Stop the Presses: Bill Kristol and Paul Krugman Just Agreed on Something
Weekly Standard editor Bill Kristol and New York Times columnist Paul Krugman have a history of battling one another on This Week with George Stephanopoulos, a rivalry that usually follows the comforting routine of Kristol spinning some issue through a cheshire grin and Krugman wearily interrupting with a look of wonk despair. It’s not a fair fight: one of these men is a Nobel Prize-winning economist and the other is colloquially known as the Wrongest Man in Politics.

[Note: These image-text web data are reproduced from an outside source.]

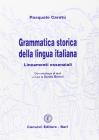 Grammatica storica della lingua italiana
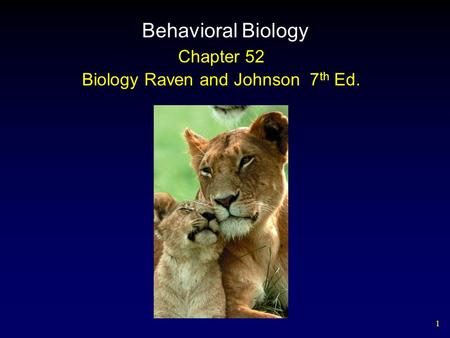 1 Behavioral Biology Chapter 52 Biology Raven and Johnson 7 th Ed.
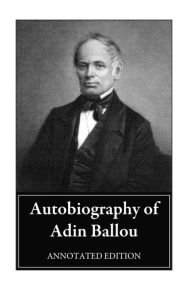 Title: Autobiography of Adin Ballou: Annotated Edition, Author: Adin Ballou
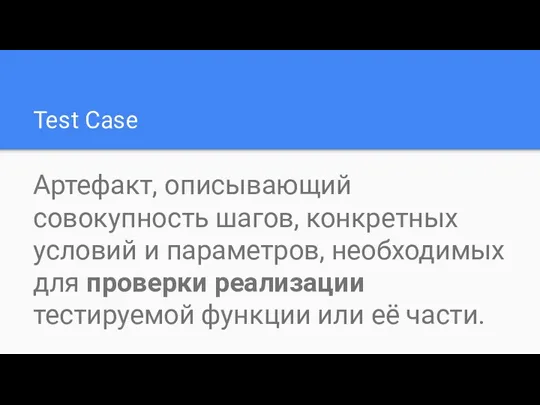 Test Case Артефакт, описывающий совокупность шагов, конкретных условий и параметров,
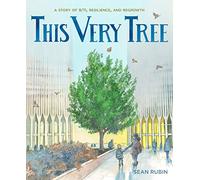 This Very Tree: A Story of 9/11, Resilience, and Regrowth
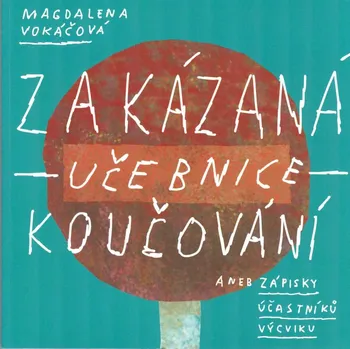 Osobní rozvoj Zakázaná učebnice koučování, aneb zápisky účastníků výcviku - Magdaléna Vokáčová (2014, brožovaná)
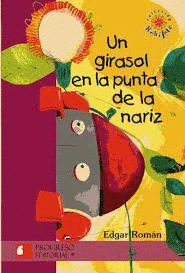 UN GIRASOL EN LA PUNTA DE LA NARIZ
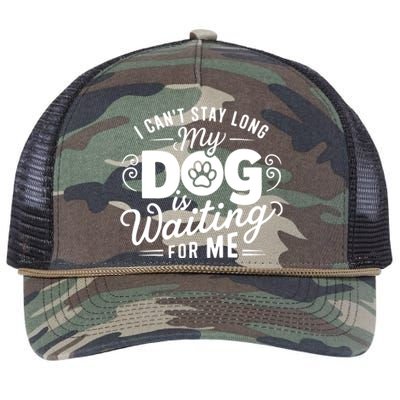 I CanT Stay Long. My Dog Is Waiting For Me Funny Dog Lover Retro Rope Trucker Hat Cap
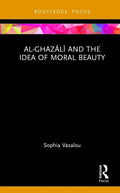 Al-Ghazālī And the Idea of Moral Beauty - Hardcover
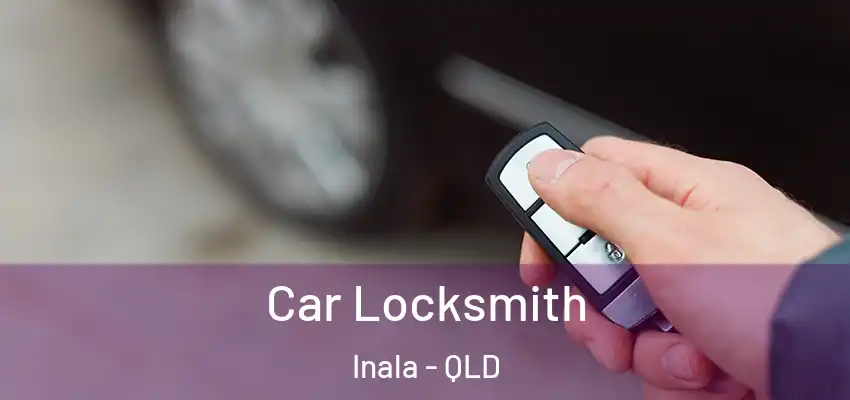  Car Locksmith Inala - QLD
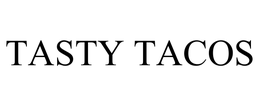 TASTY TACOS trademark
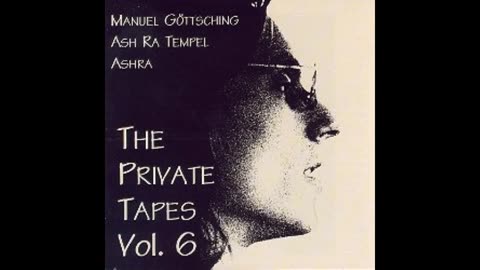 The Private Tapes Vol. 6 - Manuel Göttsching/AshRa/Ash Ra Tempel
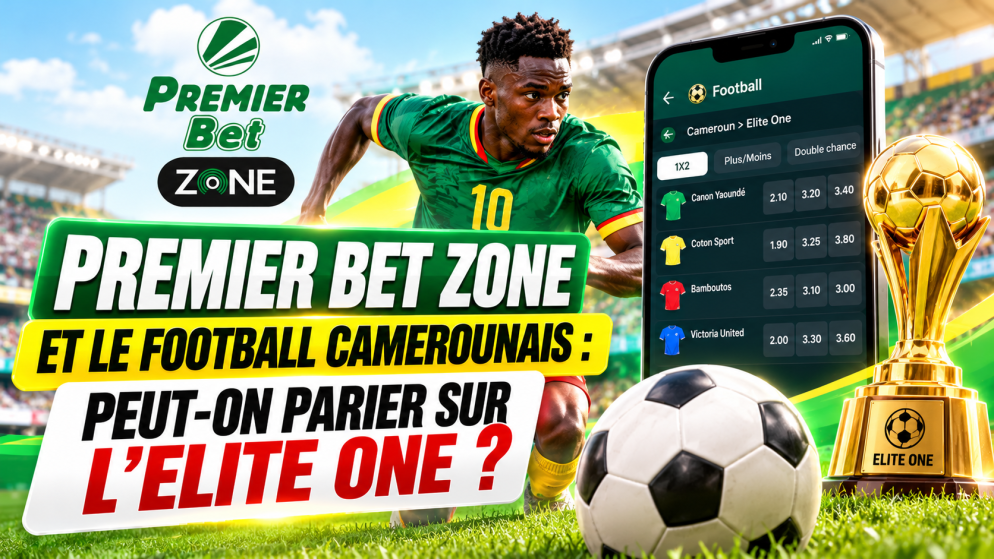 Premier Bet Zone et le football camerounais : peut-on parier sur l’Elite One ?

But Sunday morning brought the pundit version of a lunar eclipse: the two actually agreed on something. Matthew Dowd had just finished arguing that the right’s embrace of Nevada rancher Cliven Bundy had backfired when Bundy’s racist remarks overshadowed his anti-gummiment message. Krugman scooped this fumble and ran it back to the end zone:
“We should talking about the message, not the man. Which is really a terrible message, which is that you have the right to use other people’s property, namely federal grazing land, for free. Freedom is the right not to pay for the damage you do. It’s really a horrifying thing that he was ever made a hero, even before these comments came out.”
Speaking of horrifying: “I’m horrified to agree with Paul Krugman,” Kristol replied, citing the Weekly Standard’s brutal editorial pleading with conservatives to back away from Bundy. “He’s breaking the law. He seems to be inciting people even to perhaps use violence against federal law enforcement officials. If you want to change the law, change the law. So on that we agree.”
Don’t worry, the two men went right back to disagreeing over economic inequality, as Kristol spun the issue through a cheshire grin and Krugman wearily interrupted with a look of a wonk despair.
NB: To simulate the experience of stopping the presses, turn your wi-fi on and off.